Investors Eye Real Estate Investments

In a low-yield environment, payouts of 4% to 6% have many investors thinking about increasing their exposure to real estate. 

In a survey of over 500 high-net-worth investors, 80% said they thought commercial real estate will equal or top stock market performance over the next five years. The Investment Program Association survey indicated these investors expected to boost their portfolio allocations to non-listed REITs and business development companies (BDCs). 

“The compelling point is what these investors are saying,” Kevin M. Hogan, president and CEO of the IPA, told On Wall Street. “They are confident about investing in real estate, and they’re voting with their pocketbooks.”

When asked about future holdings, 45% of respondents said they’d likely own non-listed REITs while 24% planned to include BDCs in their portfolio. (BDCs invest in the debt and equity of small companies; Hogan said such investments are primarily real estate-related now.)  These findings imply a 15 percentage-point increase in ownership of non-listed REITs and an 11 percentage-point jump in BDC investments.

“After the significant downturn in the real estate market, investors are now saying that the market has turned a corner,” Hogan said in a statement. “In today’s low-interest-rate environment, these ownership levels can help provide investors in non-listed REITs and BDCs with significant current income potential over a multi-year investment horizon.”

According to the IPA, many non-listed REITs pay annual distributions of between 4% and 6% while BDCs often have similar payouts.  Generally, investors should expect to hold non-listed REITs for five years or longer before an exit opportunity (via liquidation, merger or listing) arises.

The IPA cited data from Robert A. Stanger & Co. to indicate that sales of non-listed REITs and BDCs have set records recently.  In 2012, estimated total sales were $10.3 billion for non-listed REITs and $2.8 billion for BDCs.
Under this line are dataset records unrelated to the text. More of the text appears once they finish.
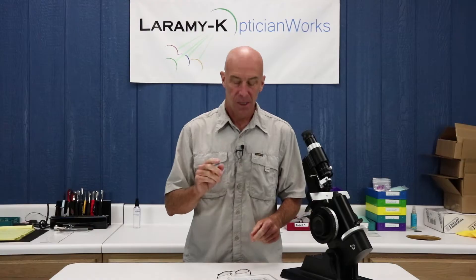Hello and welcome back to our ongoing series, Let's Learn How to Use the Lens Meter. Today is kit number four. Kit number four is a complete pair of mounted lined bifocals. We're going to use the lens meter to read both the distance and the near portion of those lenses.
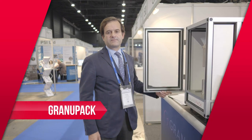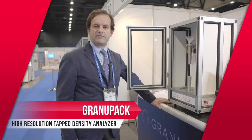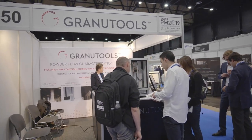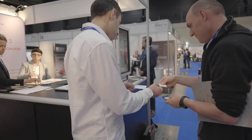I'm going to show you the Granudrum. The Granudrum is a high-resolution tap density system. It provides you information about the packing dynamics of your powder bed, and this is very important for powder bed fusion systems as well as binder jetting systems. It will give you very clear and detailed information about how dense your powder bed is and what the dynamic of the densification of your powder bed is.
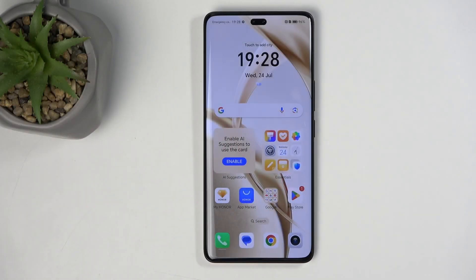Welcome. This is an Honor 200 Pro, and today I'll show you how you can hard reset this device through settings.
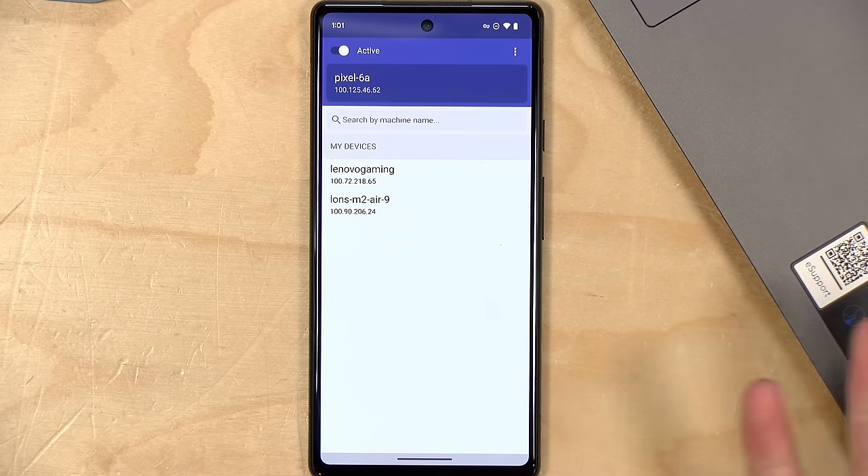It's important to understand how sharing works: when I share a computer with somebody and they connect to it, they can interact with it — but I don't have access to the computer they're connecting from unless they also share that with me. So if you want to send things back and forth, both sides need to share with each other. You can also install TailScale on a network attached storage device — there are clients for Synology, QNAP, and a few other brands.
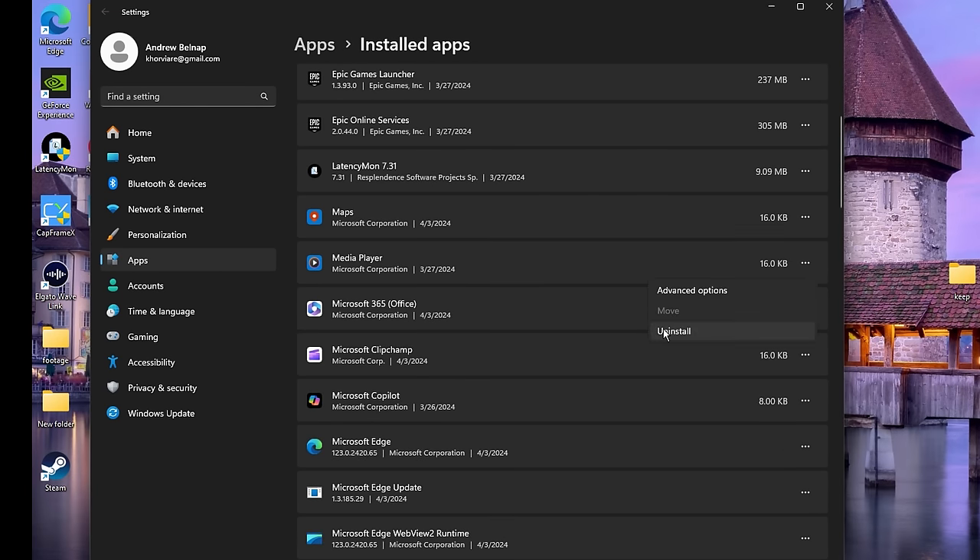Number 12 is Keyboard — just make sure these three options here are disabled. Number 13 is Privacy. Under General, make sure all of these are turned off. Next go to Inking and Typing — make sure that is turned off too.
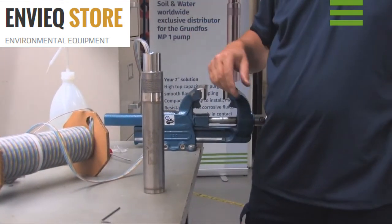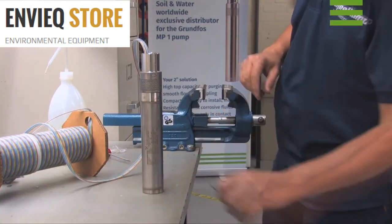Check the water level regularly. This will lengthen the lifespan of the pump.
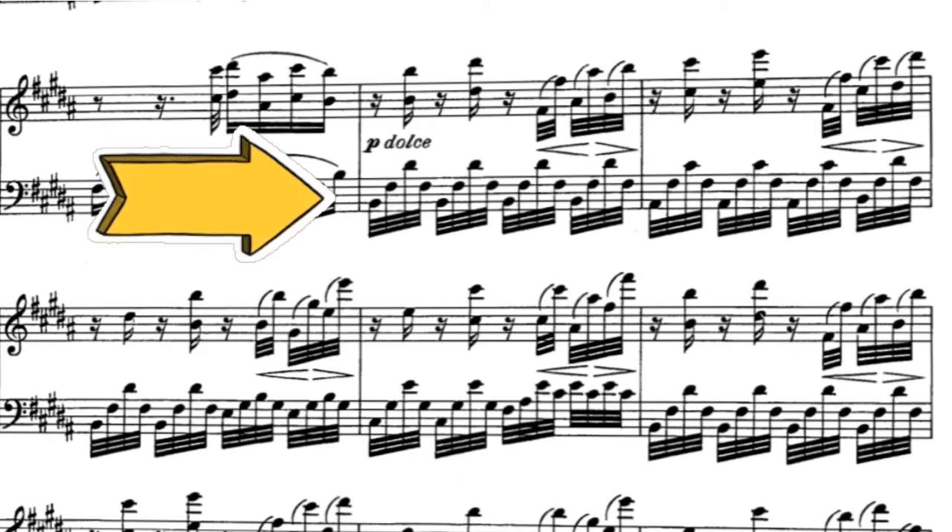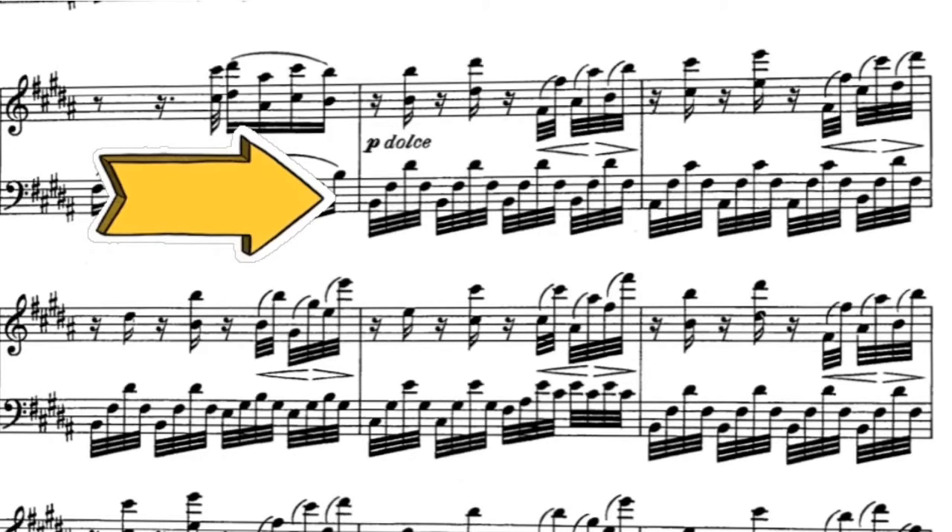An important thing to remember when you come across patterns that repeat, such as the Alberti bass, is to renew your relationship with the keyboard each and every time. Meaning that you don't come back to where you came from — you constantly move to a different spot.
In the first quarter of 2013, those numbers were $3.9 billion and $655.7 million, respectively.

Although BDC programs are relatively new, non-listed REITs have a longer history. Some observers have voiced concern that distributions have contained returns of investors’ principal rather than cash flow from operations. Hogan said that such objections have declined recently, due in part to an increasing number of liquidity events from non-listed REITs. “One study of 17 full-cycle programs showed annualized average returns over 10%,” he said. “There’s a reason that sales are up so much. Investors see value in these programs.”